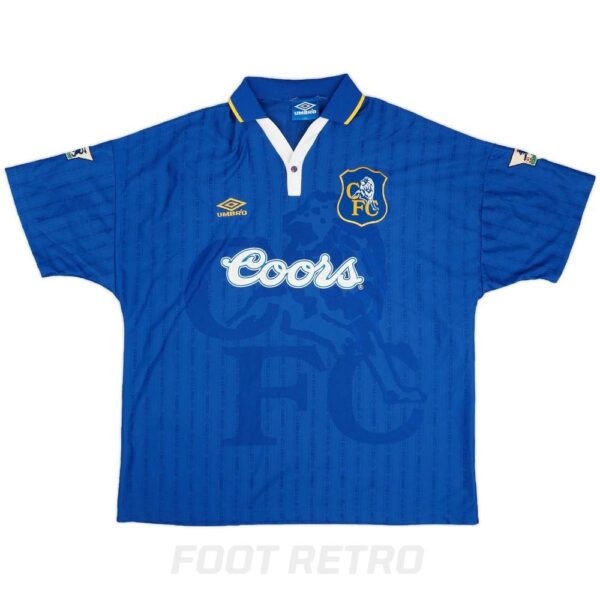 Maillot Chelsea Domicile 1995-1997 Spencer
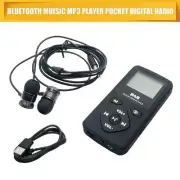 Personal Portable Pocket Digital DAB/DAB+ FM Radio Earphone Bluetooth MP3 Player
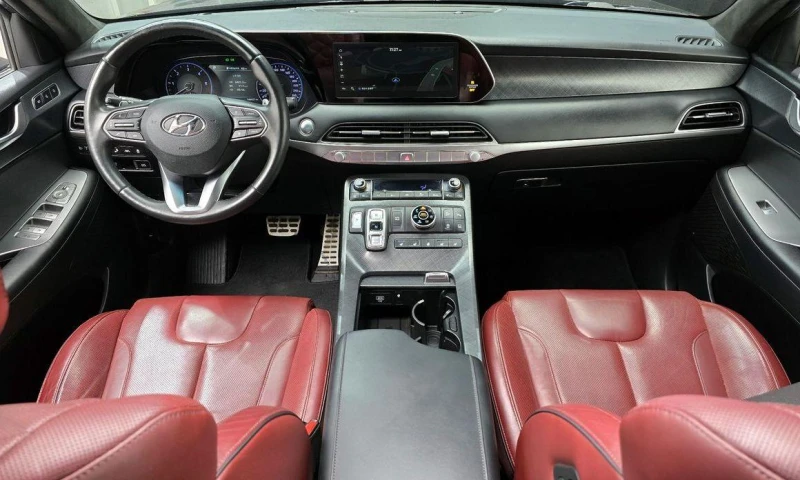 Hyundai Palisade Diesel 2.2 4WD Prestige, снимка 7 - Автомобили и джипове - 52070126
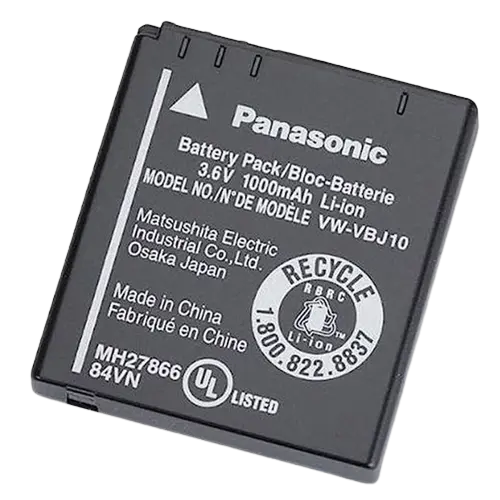  Baterie reîncărcabilă pentru camera Panasonic VW-VBJ10E-K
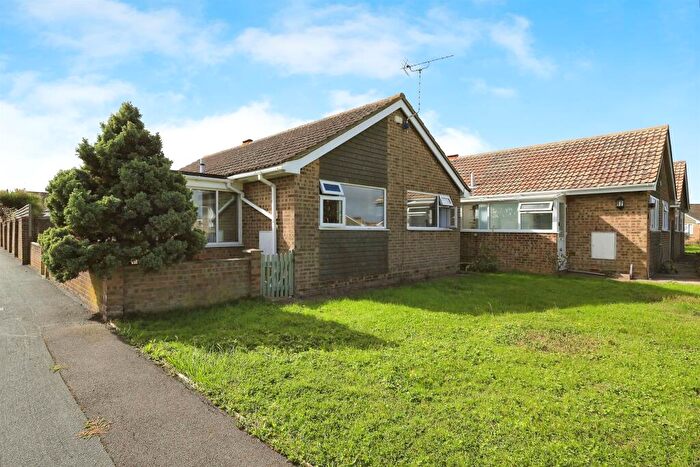 2 Bedroom Detached Bungalow For Sale In Kipling Walk, Eastbourne, BN23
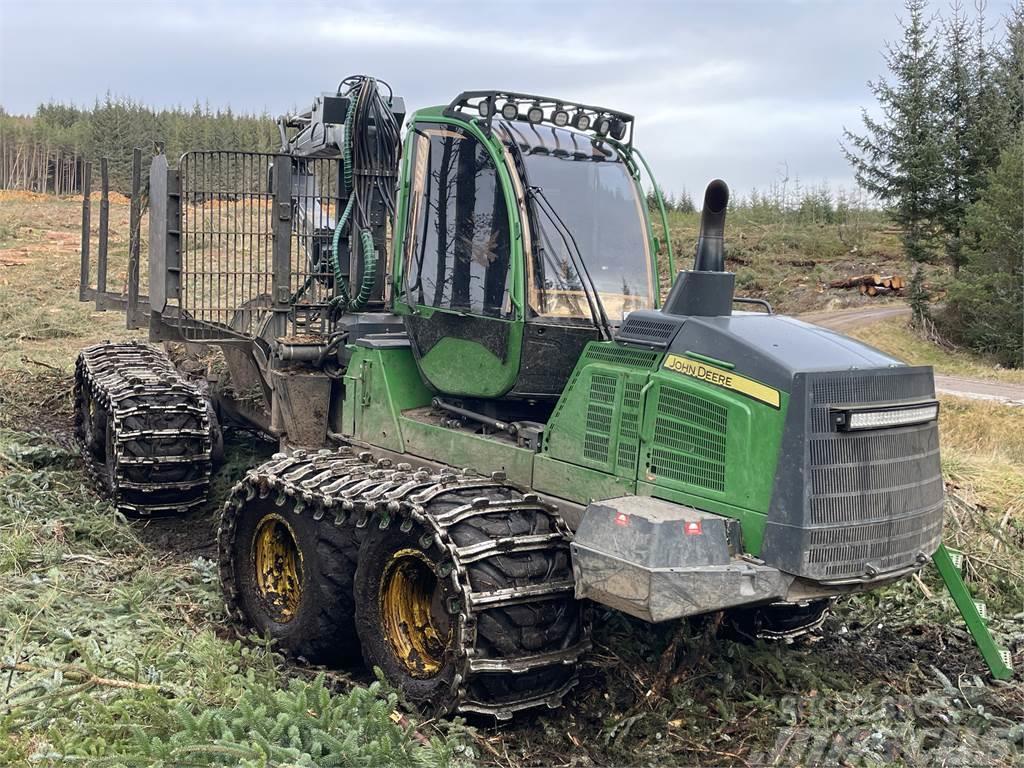 John Deere 1510G LGP Vyvážecí traktory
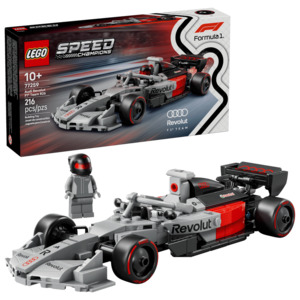 Lego 1: LEGO 77259 Speed Champions Audi Revolut F1 Team R26 Race Car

* [YOUR INSTRUCTIONS]: The answer consists of the lines from the one holding "John Deere 1510G LGP Vyvážecí traktory" to the end of the records, inclusive, restated exactly and without pictures.

* [COMPLETED EXERCISE]:
 John Deere 1510G LGP Vyvážecí traktory
 Lego 1: LEGO 77259 Speed Champions Audi Revolut F1 Team R26 Race Car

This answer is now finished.